On 10/23/2017 12:48 AM, Florian Fainelli wrote> On 10/22/2017 03:30 PM, 
Richard Leitner wrote:
>> On 10/22/2017 08:31 PM, Florian Fainelli wrote:
>>> On 10/22/2017 06:11 AM, Richard Leitner wrote:

...

>> Andrew Lunn suggested to make the PHY driver a clock driver and let it
>> export the refclk... But IMHO that "feels" a bit strange. Due to the
>> fact in our case the clock is generated by the SoC and the PHY is an
>> external chip which only consumes it.
> 
> It depends which *MII mode you use. Unless you are using reverse MII,
> the PHY supplies the RX clock and the MAC supplies the RX clock, so
> solving this for all modes becomes quite tricky. Andrew's suggestion
> makes sense, but considering that the MAC and PHY need to be connected
> to each other, it may be tricky to request the PHY's clock before you
> actually attached to the PHY...
>>
>> But back to this patch: Is it OK the way it fixes the issue?
> 
> Fugang and Andrew probably know this hardware a lot better, I would have
> to look at the code path a bit more to understand if an alternative
> solution is possible. It sounds like your patch could create a power
> consumption regression, so maybe add a check for the PHY ID that is
> problematic by doing something like:
> 
> if (priv->phydev->drv && priv->phydev->drv->phy_id == XXXX_XXXX) where
> XXXX_XXXX is the LAN870 PHY ID (obtained from MII register 2 & 3).

I already had a patch which does this check and triggers a reset of the 
PHY after the refclk was enabled (in fec_enet_clk_enable) in case the 
phy_id matches.

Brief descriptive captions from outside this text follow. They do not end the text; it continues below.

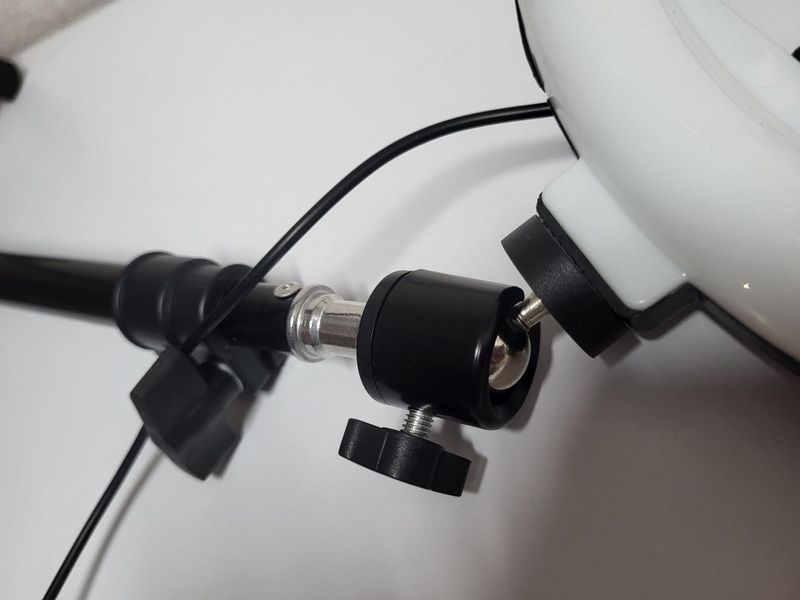 Кольцевая лампа LED Ring Light 26 см с штативом и креплением для телефона , 3 режима свечения 5992 фото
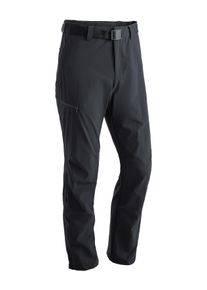 Maier Sports Herren Funktionshose "Nil", schwarz, Gr. 94, 90% Polyamid, 10% Elasthan, Hosen, Herren Wanderhose, atmungsaktive Outdoor-Hose mit Roll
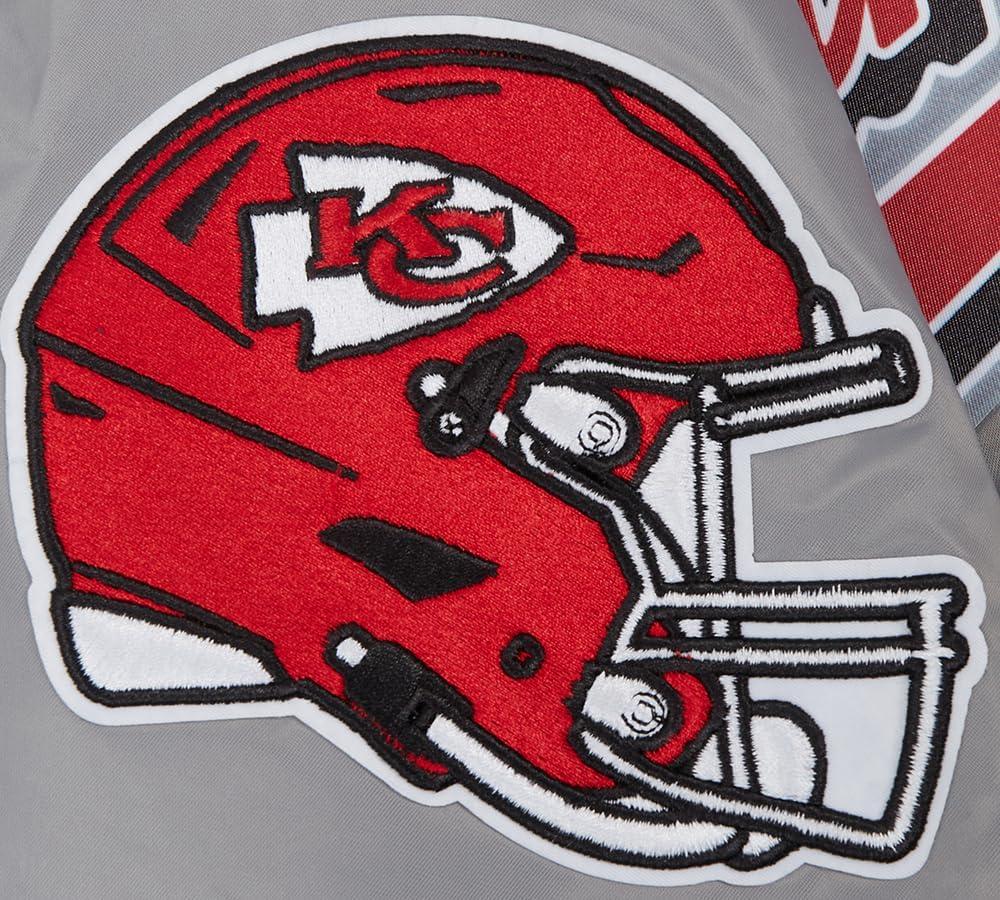 imagePro Standard Mens NFL Script Tail Satin JacketGrey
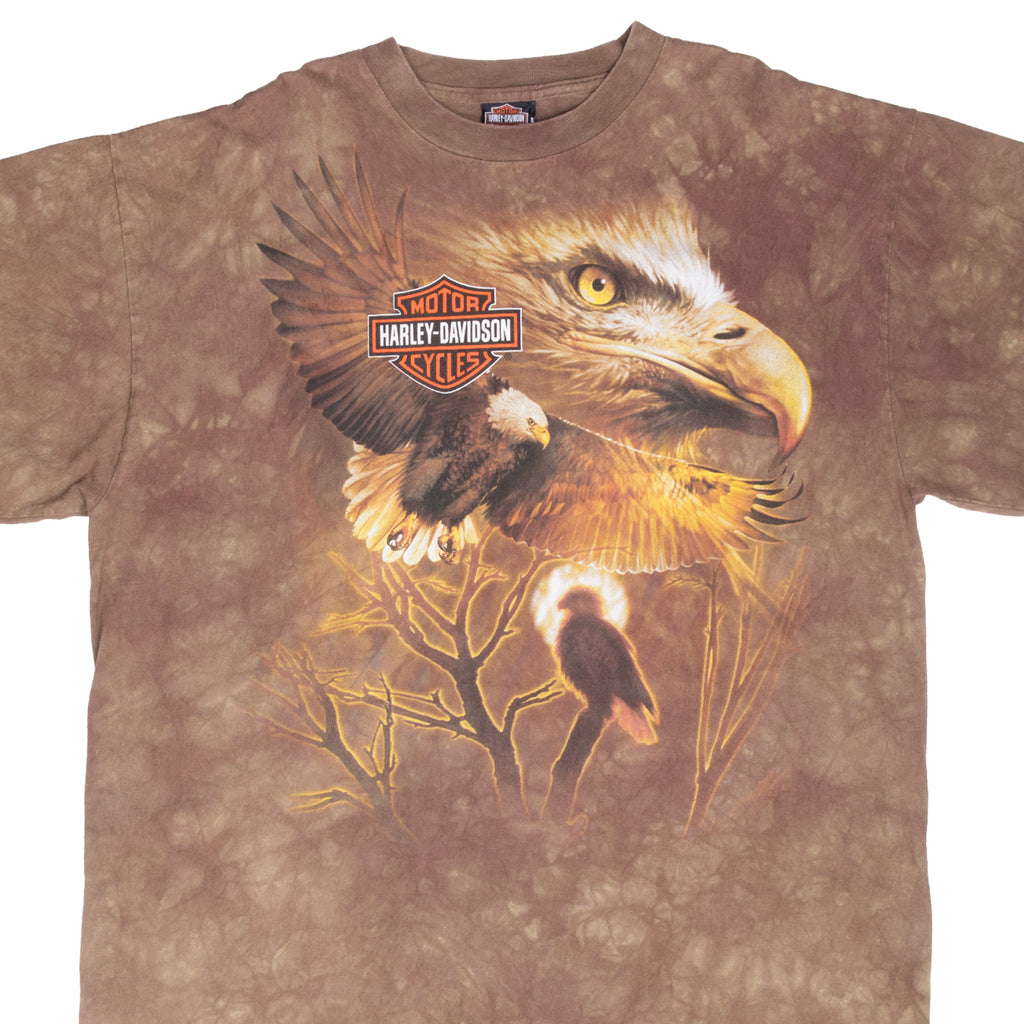 Vintage Harley Davidson Eagle Ocean City Maryland 1998 Tee Shirt Size XL Made In Usa With Single Stitch Sleeves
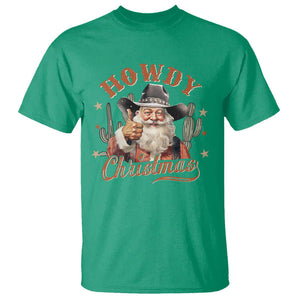 Funny Western Xmas T Shirt Howdy Christmas Retro Cowboy Santa Country TS11 Irish Green Print Your Wear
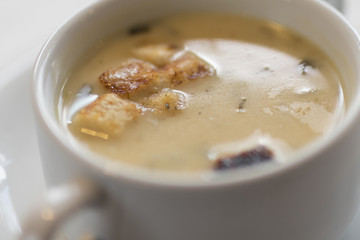 Spargelcremesuppe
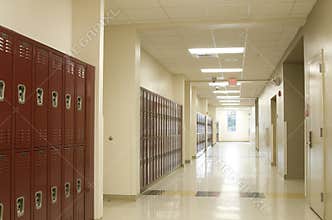 Hallway at High School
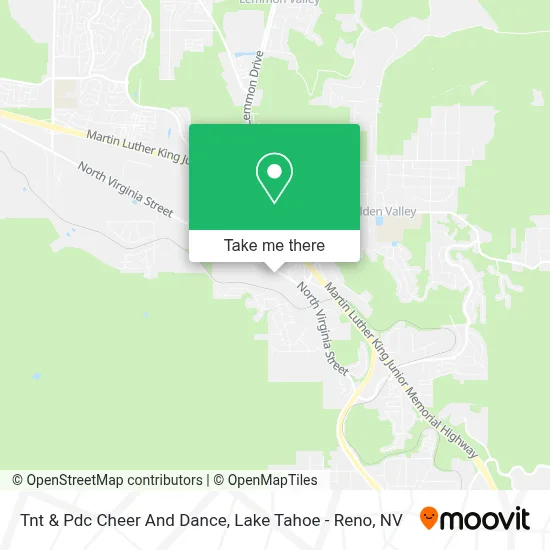 Tnt & Pdc Cheer And Dance map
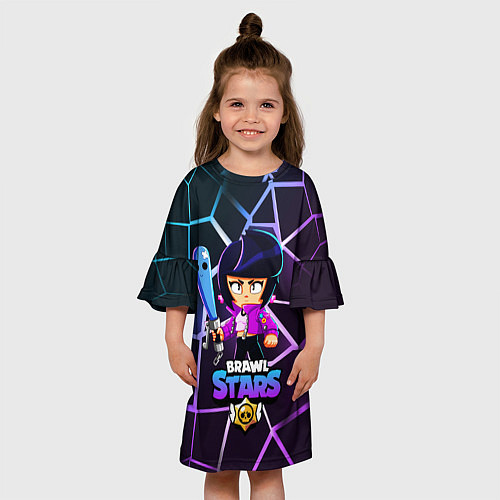 Детское платье BRAWL STARS BIBI / 3D-принт – фото 3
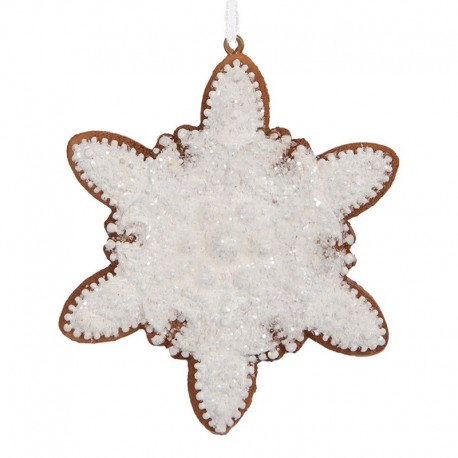 Zawieszka Na Choinkę Pierniczek Śnieżynka G Clayre & Eef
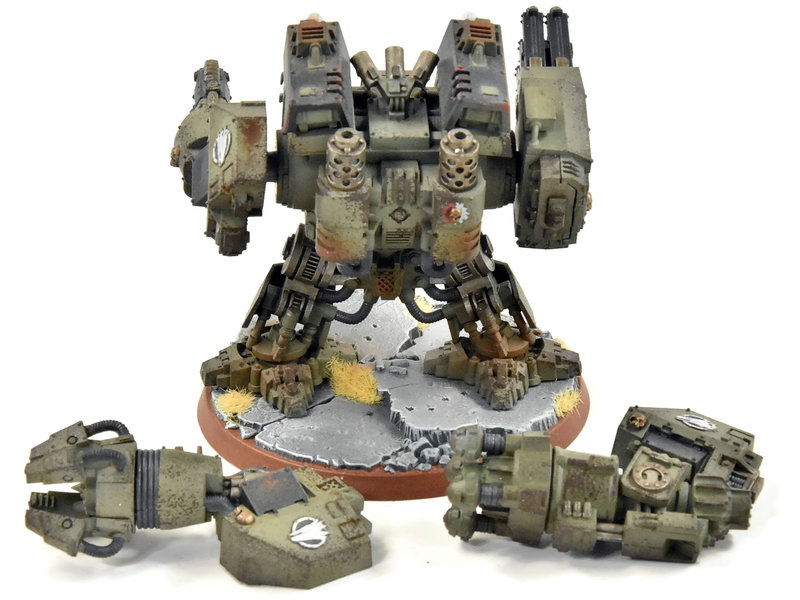 Games Workshop SALAMANDERS Dreadnought #2 WELL PAINTED Warhammer 40K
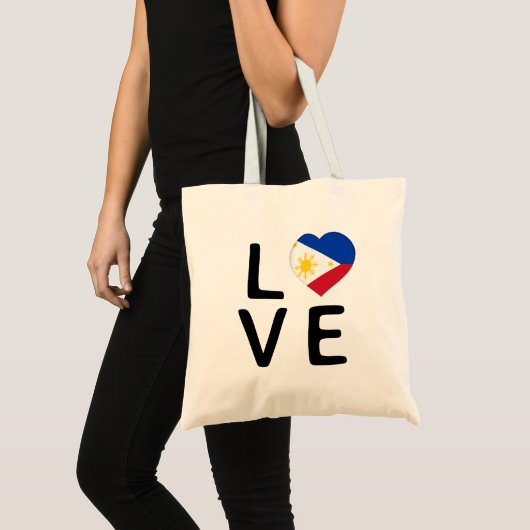 Love - Philippines Flag Tote Bag (Voorkant (product))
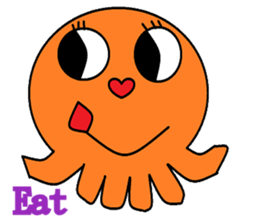 Small octopus sticker #9708245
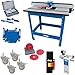 Kreg PRS1045 (KRS1035, PRS1025, PRS1015) Router Table with PRS3090 Caster, PRS3020 True-Flex, PRS3100 Router Table Switch, PRS3400 Set-Up Bars, and KRS7850 Router Table Stop primary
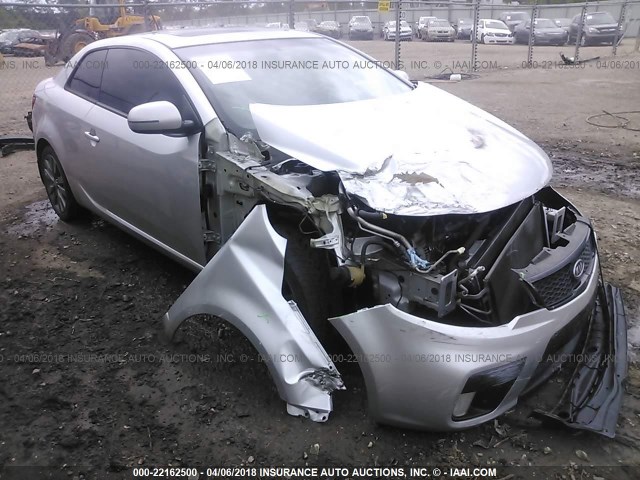 KNAFW6A37D5676827 - 2013 KIA FORTE SX SILVER photo 1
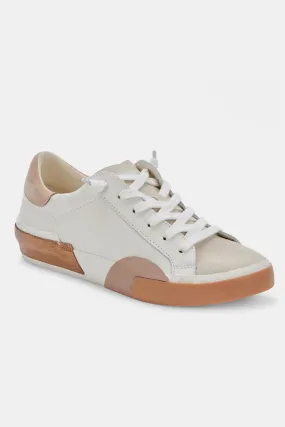 White Tan Zina Sneaker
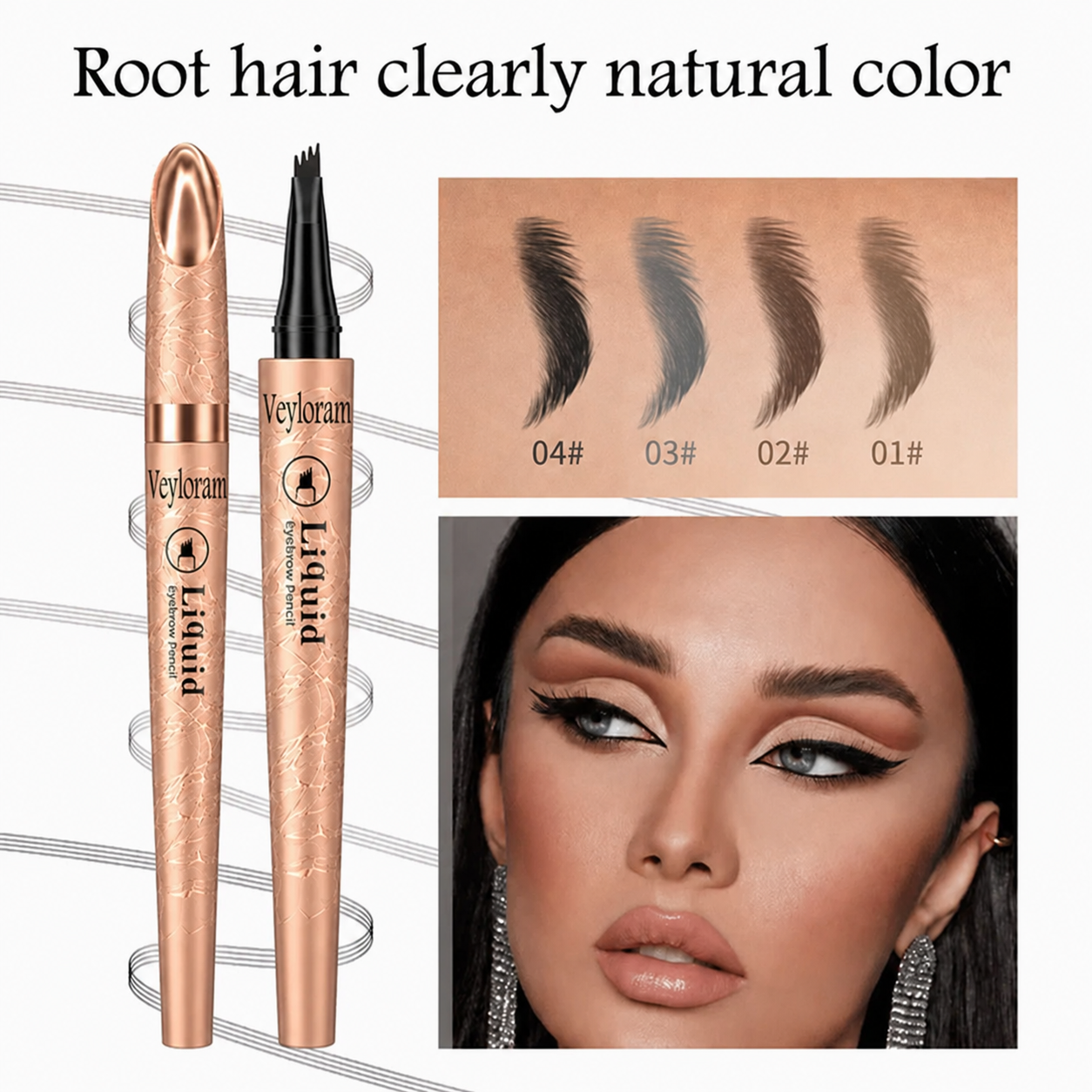 Veyloram 3D Waterproof Microblading Eyebrow Pen | Buy 1 Get 1 FREE
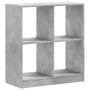 Engineered wood gray concrete shelf 68.5x32x75 cm by , Bookcases and shelves - Ref: Foro24-852810, Price: 55,03 €, Discount: %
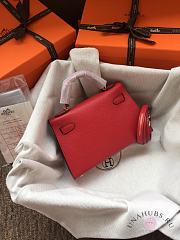 Hermes Kelly Mini Red leather - 6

This would IMHO avoid all power consumption 
regressions... It was something like:

switch (priv->phydev->drv->phy_id) {
case XXXX:
case XXXX:
	ret = fec_reset_phy(ndev);
	if (ret)
		goto failed_reset;
	if (ndev->phydev) {
		ret = phy_init_hw(ndev->phydev);
		if (ret)
			goto failed_reset;
	}
}

Would that be better?

Basically I'm fine with any kind of solution... It's up to you guys... 
You're the experts ;-)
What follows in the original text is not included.